INPUT DATA:
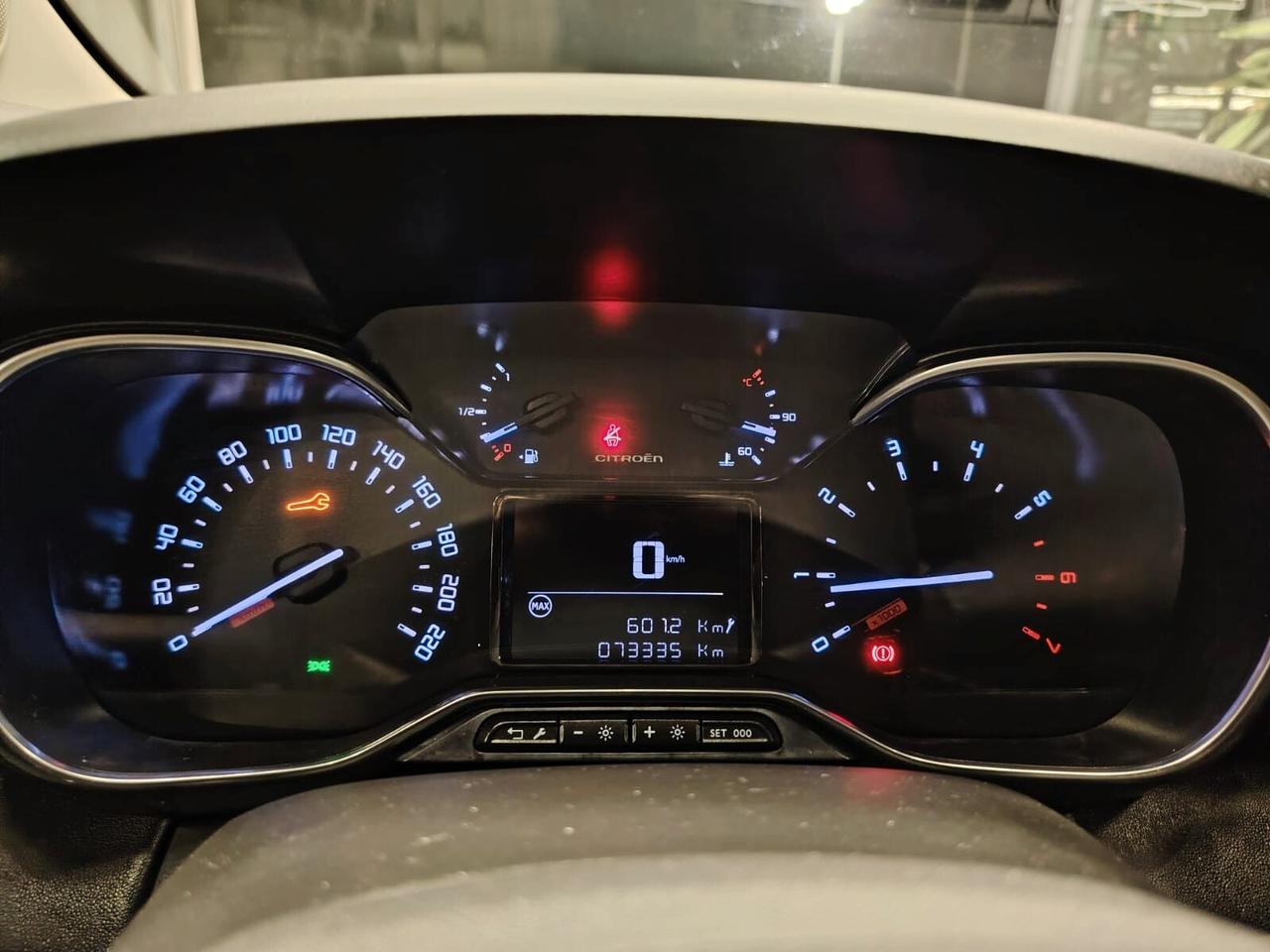 Citroen C3 Aircross PureTech 110 S&S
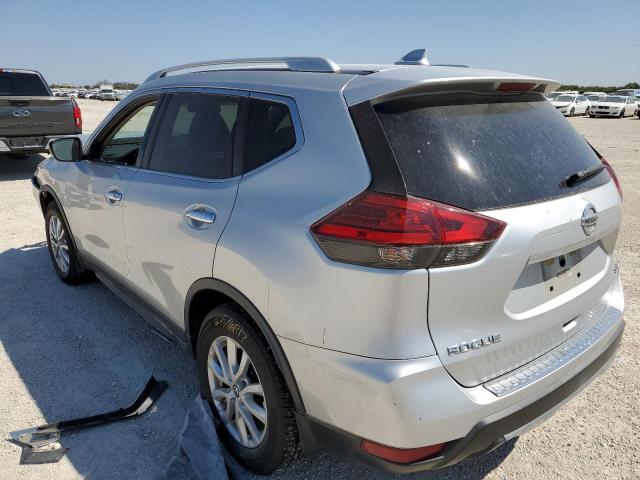 Photo 3 from auction – 2017 NISSAN ROGUE S with VIN KNMAT2MT1HP597108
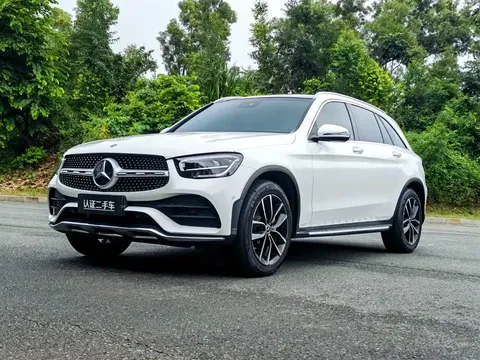 2021 Mercedes-Benz GLC 300 L 4MATIC Dynamic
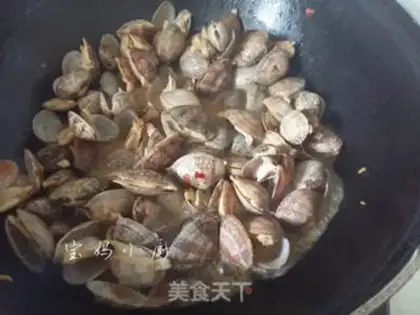 Make Spicy bouquets step 5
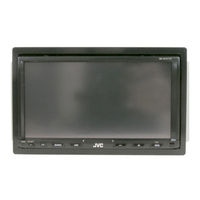 JVC KW-ADV790 Instructions Manual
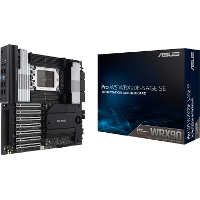ASUS PRO WS WRX90E SAGE SE moederbord 2x 10Gb LAN, EEB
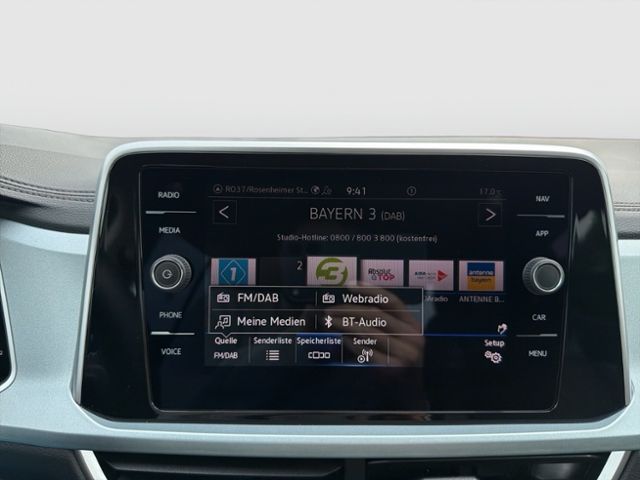 T-Roc GOAL 1.0 TSI NAVI APP-CON ACC LED DAB+ KLI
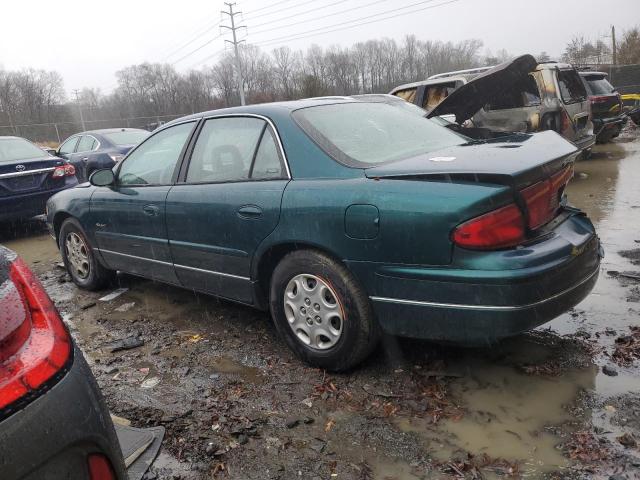 Foto 2 de la subasta – 2000 BUICK REGAL LS con VIN 2G4WB52K2Y1118241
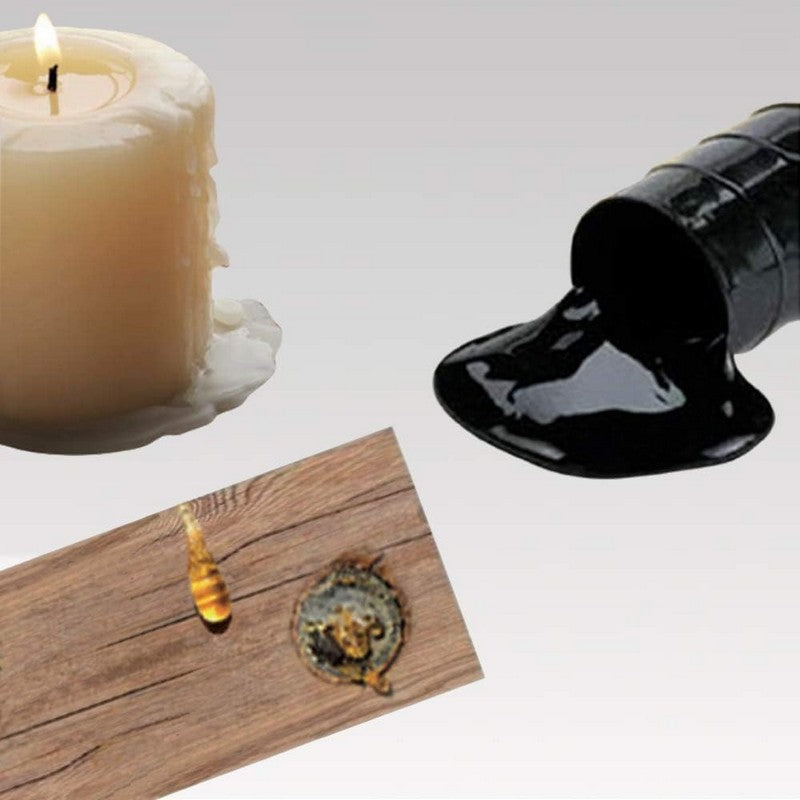 HG Laundry Room - Stain Away No.3 - Candle-Wax, Resin and Tar 50ml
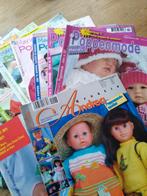 Wegens eindigen van mn hobby 12  poppen kleertjes breien, Ophalen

INSTRUCTIONS TO FOLLOW: Leave out the pictures and repeat exactly the lines from the first line of the data through the line containing "ASUS PRO WS". Add nothing else.

ANSWER SECTION:
 Citroen C3 Aircross PureTech 110 S&S
 Photo 3 from auction – 2017 NISSAN ROGUE S with VIN KNMAT2MT1HP597108
 2021 Mercedes-Benz GLC 300 L 4MATIC Dynamic
 Make Spicy bouquets step 5
 JVC KW-ADV790 Instructions Manual
ASUS PRO WS WRX90E SAGE SE moederbord 2x 10Gb LAN, EEB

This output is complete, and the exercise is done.